▶ [About this task] Only these lines of the data below are wanted: the one with "Once the Alice", the one with "What's up guys, Trolly", and any lines between them, each repeated exactly.

▶ [Materials provided]
Segment Open

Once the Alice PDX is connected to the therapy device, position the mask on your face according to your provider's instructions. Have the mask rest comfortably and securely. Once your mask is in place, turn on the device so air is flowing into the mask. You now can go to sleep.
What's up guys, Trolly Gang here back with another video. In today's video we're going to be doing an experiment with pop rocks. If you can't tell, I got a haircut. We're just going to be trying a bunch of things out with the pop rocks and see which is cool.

Segment Closed
Segment Open

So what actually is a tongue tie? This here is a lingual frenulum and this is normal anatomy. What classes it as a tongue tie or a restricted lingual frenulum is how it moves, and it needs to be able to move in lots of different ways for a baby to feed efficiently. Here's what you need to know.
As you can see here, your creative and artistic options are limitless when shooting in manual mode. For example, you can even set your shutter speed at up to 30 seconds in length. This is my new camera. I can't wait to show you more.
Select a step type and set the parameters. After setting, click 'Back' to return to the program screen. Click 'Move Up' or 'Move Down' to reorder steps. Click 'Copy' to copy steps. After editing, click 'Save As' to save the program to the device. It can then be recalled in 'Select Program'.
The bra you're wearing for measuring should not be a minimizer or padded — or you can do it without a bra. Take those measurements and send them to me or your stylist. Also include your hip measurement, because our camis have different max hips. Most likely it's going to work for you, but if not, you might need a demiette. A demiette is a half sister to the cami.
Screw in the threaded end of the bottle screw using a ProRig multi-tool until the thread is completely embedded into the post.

Segment Closed

▶ [Result]
Once the Alice PDX is connected to the therapy device, position the mask on your face according to your provider's instructions. Have the mask rest comfortably and securely. Once your mask is in place, turn on the device so air is flowing into the mask. You now can go to sleep.
What's up guys, Trolly Gang here back with another video. In today's video we're going to be doing an experiment with pop rocks. If you can't tell, I got a haircut. We're just going to be trying a bunch of things out with the pop rocks and see which is cool.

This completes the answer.